Problem >> Reproduce exactly, and only, the lines below from the one containing "Typo Upright Initials - Self-Inking Stamp" through the one containing "LR69 ag6 L921".

━━━━━━━━━━

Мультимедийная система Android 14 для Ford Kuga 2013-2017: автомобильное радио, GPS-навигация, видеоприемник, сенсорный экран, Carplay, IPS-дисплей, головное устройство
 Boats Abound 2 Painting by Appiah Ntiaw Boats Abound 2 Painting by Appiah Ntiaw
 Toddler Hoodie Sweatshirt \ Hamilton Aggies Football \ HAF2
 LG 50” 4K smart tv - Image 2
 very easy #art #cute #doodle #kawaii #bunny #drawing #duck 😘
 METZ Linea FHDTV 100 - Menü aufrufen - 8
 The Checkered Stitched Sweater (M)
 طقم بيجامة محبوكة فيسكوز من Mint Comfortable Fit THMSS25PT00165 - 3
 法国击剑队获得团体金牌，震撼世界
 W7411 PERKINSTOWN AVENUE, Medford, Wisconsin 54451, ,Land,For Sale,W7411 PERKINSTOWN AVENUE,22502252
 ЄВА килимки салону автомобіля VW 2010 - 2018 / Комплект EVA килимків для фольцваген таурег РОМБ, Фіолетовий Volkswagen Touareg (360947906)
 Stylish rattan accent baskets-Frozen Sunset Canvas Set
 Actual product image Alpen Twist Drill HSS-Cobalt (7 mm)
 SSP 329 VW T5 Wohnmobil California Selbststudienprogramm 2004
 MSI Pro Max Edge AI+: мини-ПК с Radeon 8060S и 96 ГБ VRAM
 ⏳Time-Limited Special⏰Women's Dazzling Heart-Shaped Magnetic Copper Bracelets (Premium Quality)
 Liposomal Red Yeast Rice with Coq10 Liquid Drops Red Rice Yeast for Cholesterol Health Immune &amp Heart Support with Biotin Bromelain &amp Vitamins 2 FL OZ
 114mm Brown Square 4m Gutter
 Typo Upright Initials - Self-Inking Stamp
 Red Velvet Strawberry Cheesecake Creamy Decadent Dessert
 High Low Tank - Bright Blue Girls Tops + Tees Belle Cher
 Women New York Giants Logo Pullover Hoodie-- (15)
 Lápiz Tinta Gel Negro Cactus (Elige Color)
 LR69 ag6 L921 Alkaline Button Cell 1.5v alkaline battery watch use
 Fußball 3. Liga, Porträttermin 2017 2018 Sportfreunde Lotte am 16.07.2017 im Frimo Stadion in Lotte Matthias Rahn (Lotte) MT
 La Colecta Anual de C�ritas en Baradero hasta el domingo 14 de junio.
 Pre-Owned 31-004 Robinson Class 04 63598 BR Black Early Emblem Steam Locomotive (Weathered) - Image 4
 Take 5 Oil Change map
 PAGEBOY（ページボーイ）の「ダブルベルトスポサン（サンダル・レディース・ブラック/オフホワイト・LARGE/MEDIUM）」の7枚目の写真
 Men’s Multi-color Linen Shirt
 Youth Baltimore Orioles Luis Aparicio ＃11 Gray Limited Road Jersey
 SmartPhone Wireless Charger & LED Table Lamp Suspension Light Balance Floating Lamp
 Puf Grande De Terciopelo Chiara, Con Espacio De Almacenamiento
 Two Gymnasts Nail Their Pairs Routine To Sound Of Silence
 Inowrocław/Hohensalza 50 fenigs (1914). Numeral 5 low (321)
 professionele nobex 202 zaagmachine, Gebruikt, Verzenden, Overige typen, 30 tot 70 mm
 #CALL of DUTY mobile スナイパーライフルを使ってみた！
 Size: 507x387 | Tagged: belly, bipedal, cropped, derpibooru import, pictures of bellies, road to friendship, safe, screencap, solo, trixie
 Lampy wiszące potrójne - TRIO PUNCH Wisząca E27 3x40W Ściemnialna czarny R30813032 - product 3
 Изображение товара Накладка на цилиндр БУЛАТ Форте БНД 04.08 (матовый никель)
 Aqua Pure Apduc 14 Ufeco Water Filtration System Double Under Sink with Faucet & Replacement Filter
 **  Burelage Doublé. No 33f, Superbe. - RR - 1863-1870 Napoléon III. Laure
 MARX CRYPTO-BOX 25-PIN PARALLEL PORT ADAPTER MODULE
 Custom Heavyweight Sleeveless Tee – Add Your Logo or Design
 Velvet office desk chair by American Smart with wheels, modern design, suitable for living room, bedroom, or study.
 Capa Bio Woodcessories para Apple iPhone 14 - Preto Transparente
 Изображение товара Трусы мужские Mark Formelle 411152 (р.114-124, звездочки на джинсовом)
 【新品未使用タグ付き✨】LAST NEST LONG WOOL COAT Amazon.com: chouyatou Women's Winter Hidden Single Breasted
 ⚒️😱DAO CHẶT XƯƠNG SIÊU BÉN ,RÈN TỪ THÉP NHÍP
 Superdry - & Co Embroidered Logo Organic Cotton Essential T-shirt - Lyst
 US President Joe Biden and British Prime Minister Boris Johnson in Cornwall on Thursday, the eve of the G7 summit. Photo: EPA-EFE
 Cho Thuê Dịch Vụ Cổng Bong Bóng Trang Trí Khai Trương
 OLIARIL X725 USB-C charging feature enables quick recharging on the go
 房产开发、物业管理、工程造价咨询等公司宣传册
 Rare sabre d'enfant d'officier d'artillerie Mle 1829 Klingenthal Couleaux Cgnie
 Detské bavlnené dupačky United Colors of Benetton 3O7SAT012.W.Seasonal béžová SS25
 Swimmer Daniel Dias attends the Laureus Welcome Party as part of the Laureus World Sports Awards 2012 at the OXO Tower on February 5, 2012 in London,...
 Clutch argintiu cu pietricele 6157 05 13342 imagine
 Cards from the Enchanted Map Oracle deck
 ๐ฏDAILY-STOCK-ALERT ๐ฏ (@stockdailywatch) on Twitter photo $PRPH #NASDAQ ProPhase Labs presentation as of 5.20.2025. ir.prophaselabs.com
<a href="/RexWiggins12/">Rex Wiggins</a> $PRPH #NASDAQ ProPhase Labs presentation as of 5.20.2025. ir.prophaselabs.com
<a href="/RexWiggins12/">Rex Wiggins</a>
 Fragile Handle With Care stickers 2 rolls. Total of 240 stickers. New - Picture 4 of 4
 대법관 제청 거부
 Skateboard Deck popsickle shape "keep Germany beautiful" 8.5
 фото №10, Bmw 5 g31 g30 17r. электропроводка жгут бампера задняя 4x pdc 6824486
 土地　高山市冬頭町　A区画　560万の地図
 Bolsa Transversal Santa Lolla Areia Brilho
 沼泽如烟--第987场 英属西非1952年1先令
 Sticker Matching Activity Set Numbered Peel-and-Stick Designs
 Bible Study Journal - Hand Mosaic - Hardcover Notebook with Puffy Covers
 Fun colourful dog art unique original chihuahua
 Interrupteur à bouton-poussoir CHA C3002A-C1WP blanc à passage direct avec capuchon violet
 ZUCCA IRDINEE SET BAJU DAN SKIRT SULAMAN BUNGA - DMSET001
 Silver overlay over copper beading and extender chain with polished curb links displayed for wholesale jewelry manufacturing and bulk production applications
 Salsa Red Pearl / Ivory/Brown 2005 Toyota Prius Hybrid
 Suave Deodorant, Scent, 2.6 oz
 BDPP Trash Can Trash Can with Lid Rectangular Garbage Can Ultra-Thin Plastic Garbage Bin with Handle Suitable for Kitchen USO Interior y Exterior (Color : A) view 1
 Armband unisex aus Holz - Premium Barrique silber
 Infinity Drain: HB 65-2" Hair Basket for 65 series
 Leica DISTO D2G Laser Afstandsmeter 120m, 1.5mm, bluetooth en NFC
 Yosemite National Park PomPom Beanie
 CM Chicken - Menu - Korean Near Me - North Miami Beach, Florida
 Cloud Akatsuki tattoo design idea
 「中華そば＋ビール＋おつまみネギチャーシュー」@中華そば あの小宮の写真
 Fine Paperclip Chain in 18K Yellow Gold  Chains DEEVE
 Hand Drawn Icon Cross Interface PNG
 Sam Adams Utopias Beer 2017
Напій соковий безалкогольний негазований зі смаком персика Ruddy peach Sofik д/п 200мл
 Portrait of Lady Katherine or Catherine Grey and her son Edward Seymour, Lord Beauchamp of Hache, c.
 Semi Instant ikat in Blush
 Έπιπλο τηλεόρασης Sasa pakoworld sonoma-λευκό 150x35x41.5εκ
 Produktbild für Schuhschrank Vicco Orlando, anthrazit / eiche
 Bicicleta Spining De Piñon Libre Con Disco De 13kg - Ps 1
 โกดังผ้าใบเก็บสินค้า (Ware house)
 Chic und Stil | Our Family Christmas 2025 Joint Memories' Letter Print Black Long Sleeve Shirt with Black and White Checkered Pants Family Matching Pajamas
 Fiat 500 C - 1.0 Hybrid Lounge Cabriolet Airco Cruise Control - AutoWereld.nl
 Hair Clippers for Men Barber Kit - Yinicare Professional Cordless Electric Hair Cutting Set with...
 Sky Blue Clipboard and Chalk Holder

━━━━━━━━━━

Solution for this task >>
 Typo Upright Initials - Self-Inking Stamp
 Red Velvet Strawberry Cheesecake Creamy Decadent Dessert
 High Low Tank - Bright Blue Girls Tops + Tees Belle Cher
 Women New York Giants Logo Pullover Hoodie-- (15)
 Lápiz Tinta Gel Negro Cactus (Elige Color)
 LR69 ag6 L921 Alkaline Button Cell 1.5v alkaline battery watch use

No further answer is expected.